Dataset excerpts

• • • •

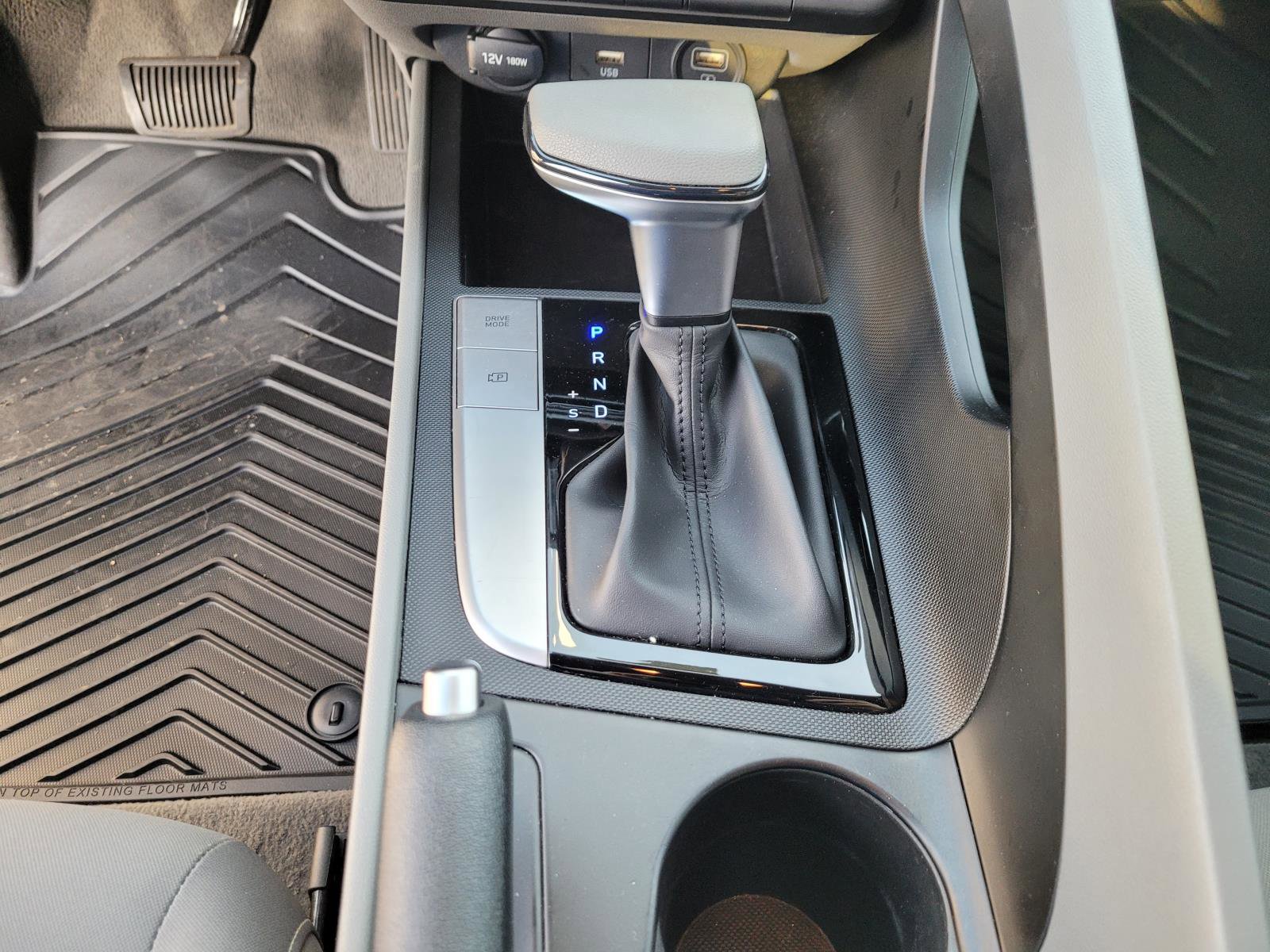 Used 2023 Hyundai Elantra SEL w/ Cargo Package image 25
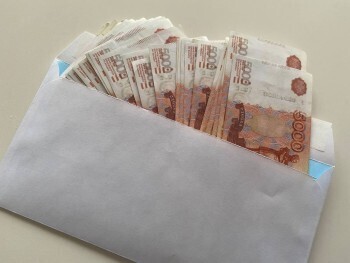 В Калуге директора УК будут судить за присвоение 14 млн рублей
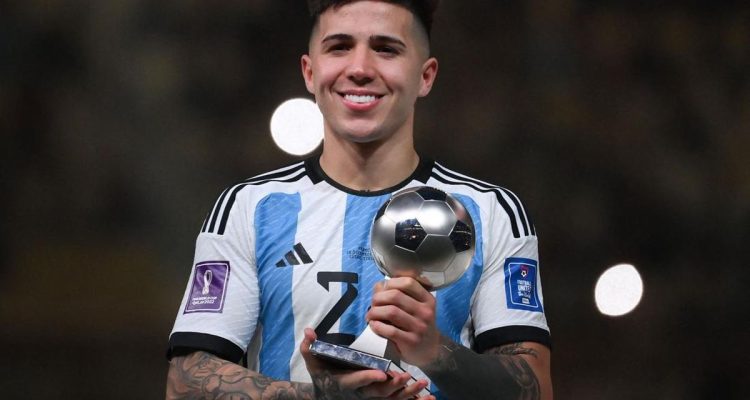 Chelsea Patok Harga Fantastis untuk Enzo Fernandez, Tembus Rp2,2 Triliun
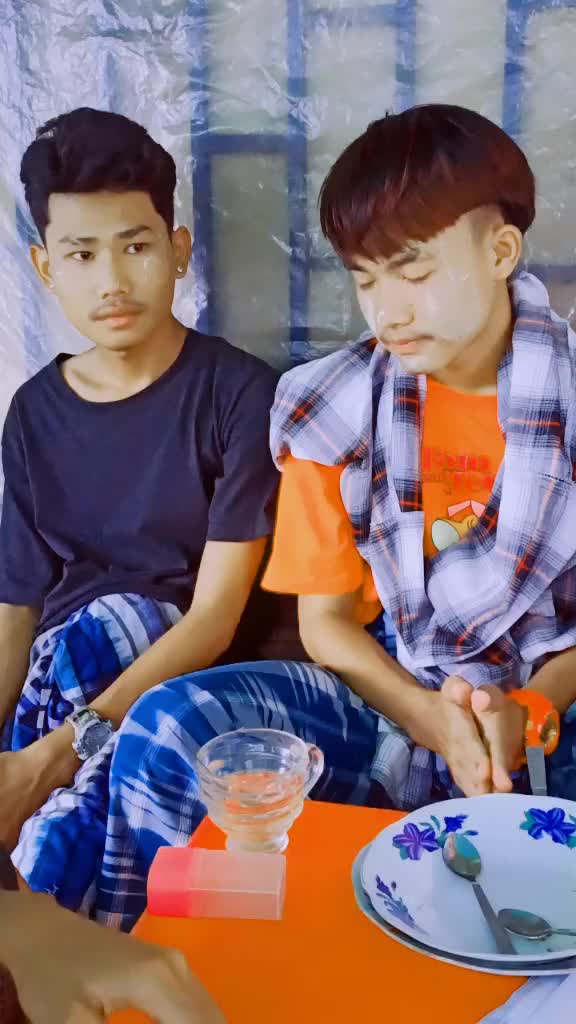 @💛Shine Htet Aung💛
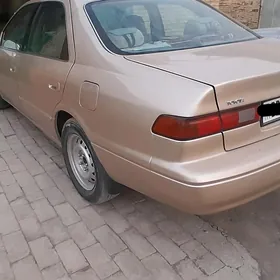 Toyota Camry 1999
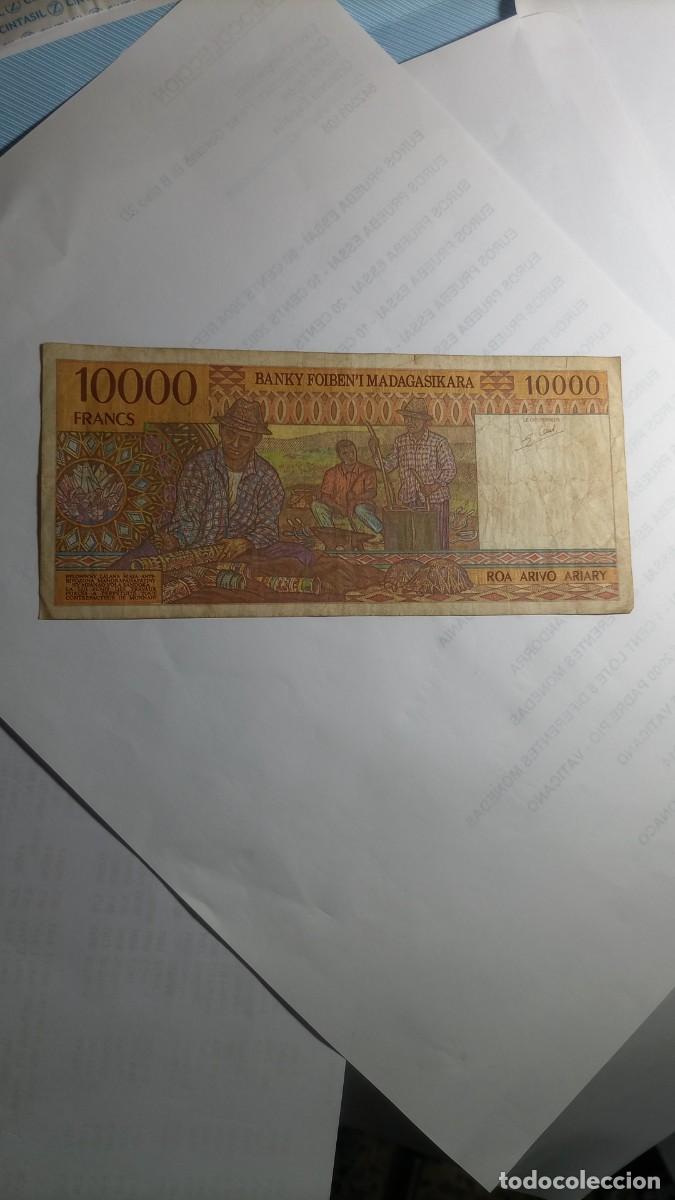 Billetes extranjeros: MADAGASCAR - 10000 FRANCS - P79 - Foto 2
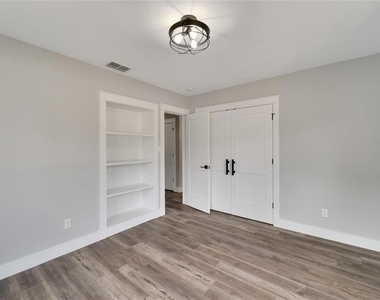 304 Orangewood Avenue - Photo Thumbnail 32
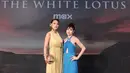 Patricia Gouw dan Regina Phoenix mencuri perhatian di gala premiere serial televisi terkenal 'The White Lotus' musim ketiga. Kehadiran Patricia dan Regina semakin spesial karena bertepatan dengan kehadiran salah satu bintang utama serial tersebut, Lisa BLACKPINK. (Liputan6.com/IG/@reginaaphx)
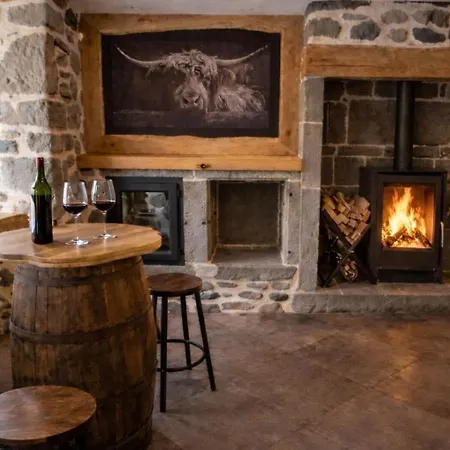 Villa Maison En Auvergne - Chez Julien Et Stephy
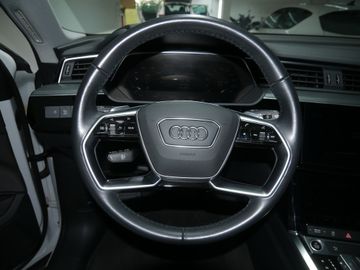 Audi Q8 e-tron - 11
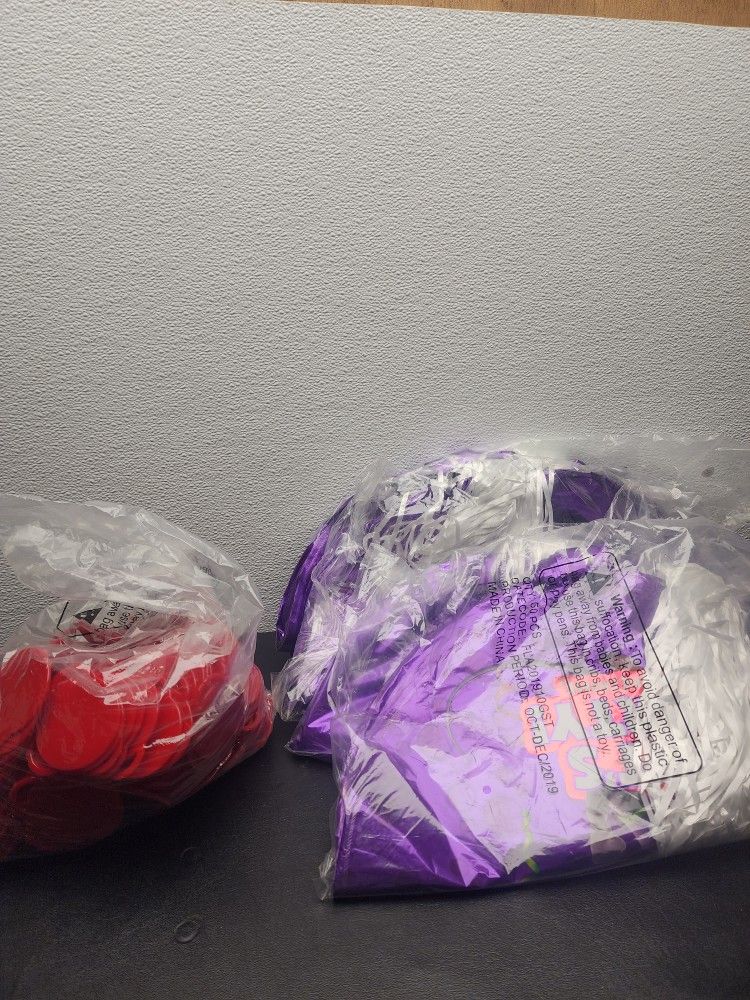 200 Pcs. Chuck E. CheesE Balloons " Let's Party"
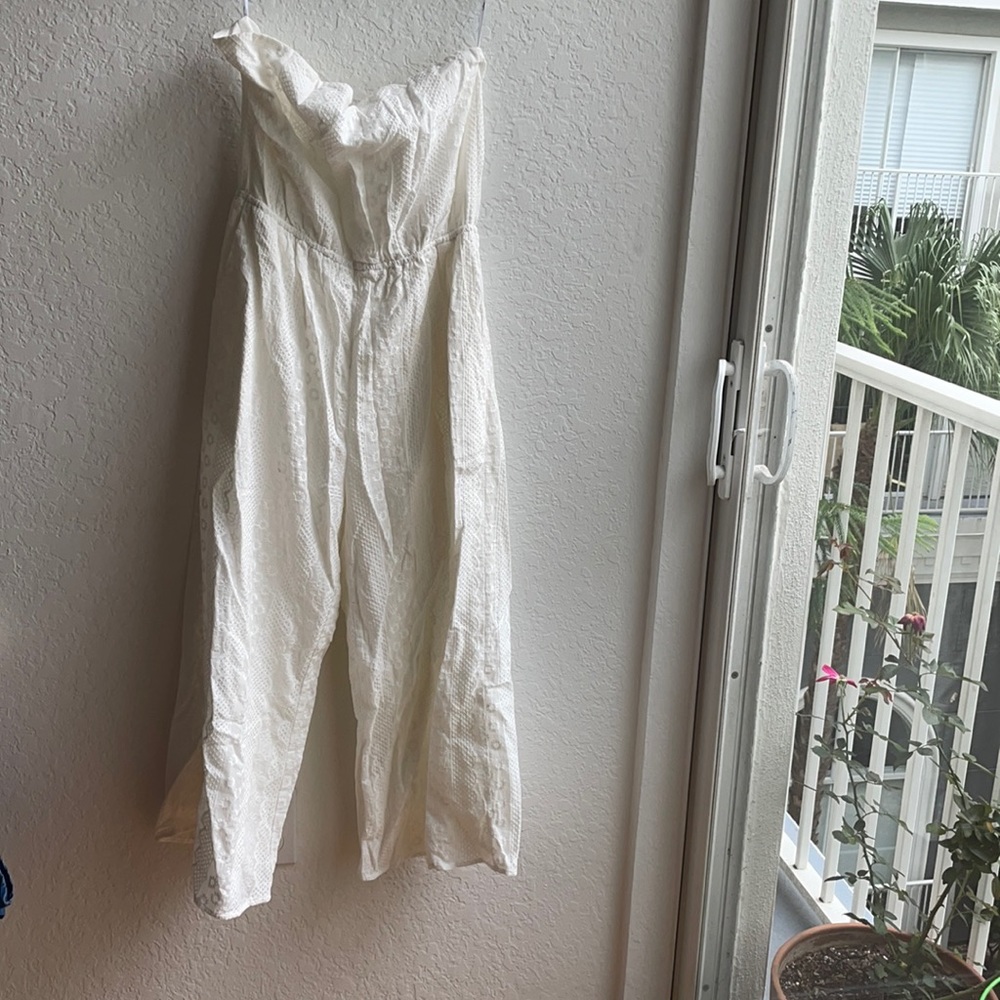 White Lace Lulu Romper -Size L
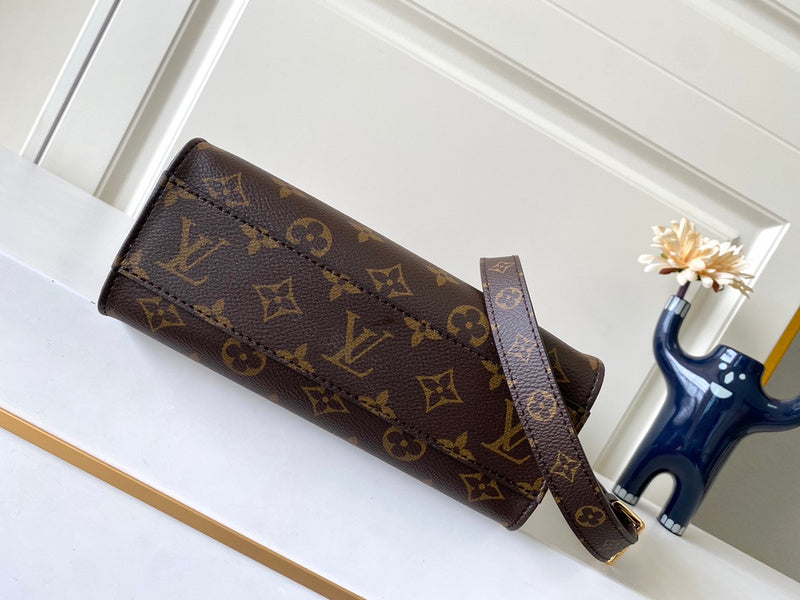 Alice  Bags- Louis Vuittons  - 16302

• • • •

■ What to produce: Only an exact copy of the lines from the one with "Patricia Gouw dan" through the last line of the data above is wanted, and no pictures.

■ Solution to this exercise:
 Patricia Gouw dan Regina Phoenix mencuri perhatian di gala premiere serial televisi terkenal 'The White Lotus' musim ketiga. Kehadiran Patricia dan Regina semakin spesial karena bertepatan dengan kehadiran salah satu bintang utama serial tersebut, Lisa BLACKPINK. (Liputan6.com/IG/@reginaaphx)
 Villa Maison En Auvergne - Chez Julien Et Stephy
 Audi Q8 e-tron - 11
 200 Pcs. Chuck E. CheesE Balloons " Let's Party"
 White Lace Lulu Romper -Size L
 Alice  Bags- Louis Vuittons  - 16302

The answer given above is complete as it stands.